20 All fowls that creep, &c.--By "fowls" here are to be understood all creatures with wings and "going upon all fours," not a restriction to animals which have exactly four feet, because many "creeping things" have more than that number. The prohibition is regarded generally as extending to insects, reptiles, and worms.
21 Yet these may ye eat of every flying creeping thing that goeth upon all four, which have legs above their feet--Nothing short of a scientific description could convey more accurately the nature "of the locust after its kind." They were allowed as lawful food to the Israelites, and they are eaten by the Arabs, who fry them in olive oil. When sprinkled with salt, dried, smoked, and fried, they are said to taste not unlike red herrings.
26 every beast . . . not cloven-footed--The prohibited animals under this description include not only the beasts which have a single hoof, as horses and asses, but those also which divided the foot into paws, as lions, tigers, &c.
29 the weasel--rather, the mole.
the mouse--From its diminutive size it is placed among the reptiles instead of the quadrupeds.
the tortoise--a lizard, resembling very nearly in shape, and in the hard pointed scales of the tail, the shaketail.
30 the ferret--the Hebrew word is thought by some to signify the newt or chameleon, by others the frog.
the chameleon--called by the Arabs the warral, a green lizard.
the snail--a lizard which lives in the sand, and is called by the Arabs chulca, of an azure color.
the mole--Another species of lizard is meant, probably the chameleon.
31 whosoever doth touch them, when . . . dead, shall be unclean until the even--These regulations must have often caused annoyance by suddenly requiring the exclusion of people from society, as well as the ordinances of religion. Nevertheless they were extremely useful and salutary, especially as enforcing attention to cleanliness. This is a matter of essential importance in the East, where venomous reptiles often creep into houses and are found lurking in boxes, vessels, or holes in the wall; and the carcass of one of them, or a dead mouse, mole, lizard, or other unclean animal, might be inadvertently touched by the hand, or fall on clothes, skin bottles, or any article of common domestic use. By connecting, therefore, the touch of such creatures with ceremonial defilement, which required immediately to be removed, an effectual means was taken to prevent the bad effects of venom and all unclean or noxious matter.

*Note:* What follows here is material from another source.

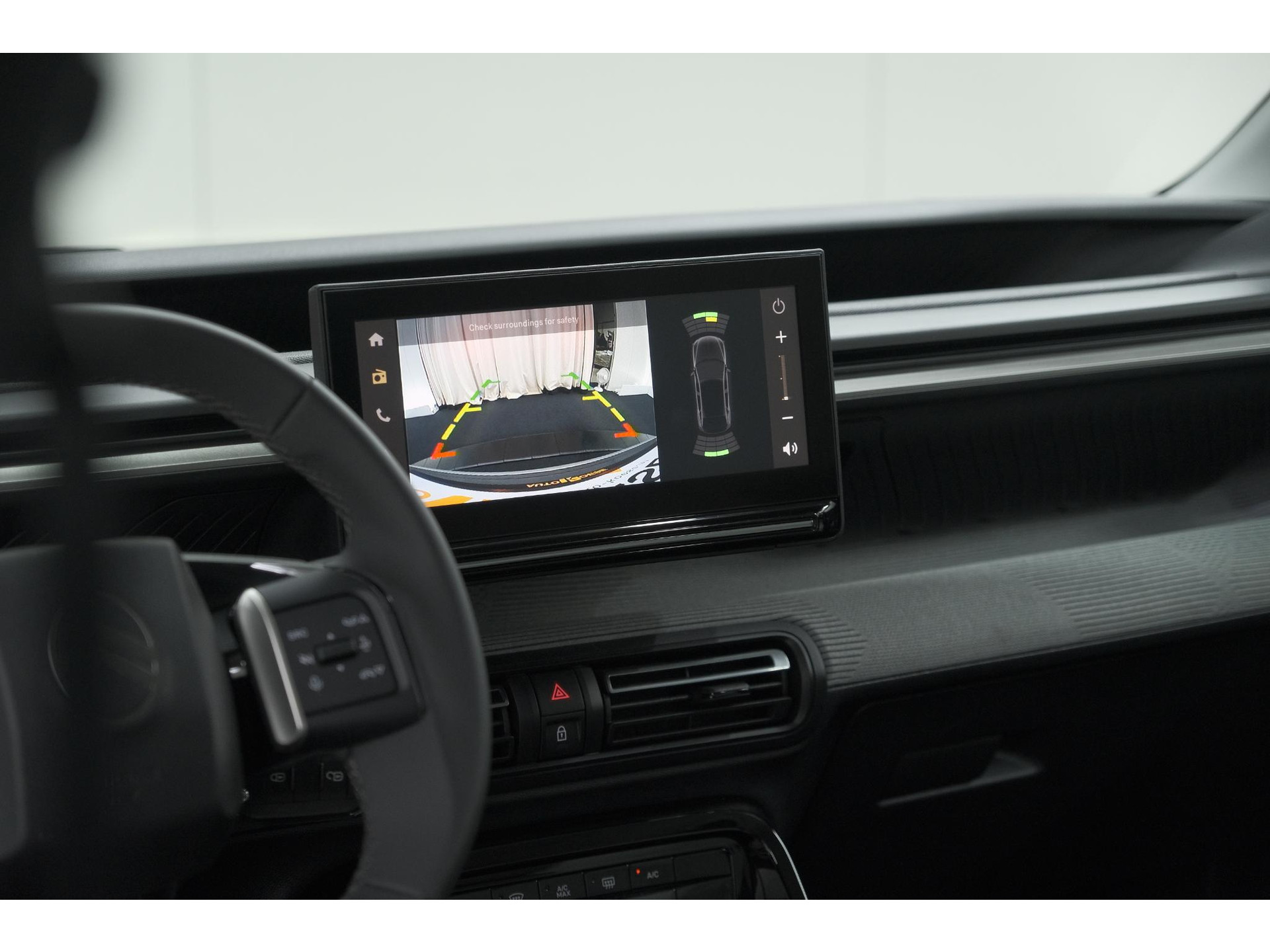 Citroen C3 Aircross 1.2 Hybrid 145pk Max | Camera | Dodehoekdetectie | Navigatie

47 make a difference between the unclean and the clean--that is, between animals used and not used for food. It is probable that the laws contained in this chapter were not entirely new, but only gave the sanction of divine enactment to ancient usages. Some of the prohibited animals have, on physiological grounds, been everywhere rejected by the general sense or experience of mankind; while others may have been declared unclean from their unwholesomeness in warm countries or from some reasons, which are now imperfectly known, connected with contemporary idolatry.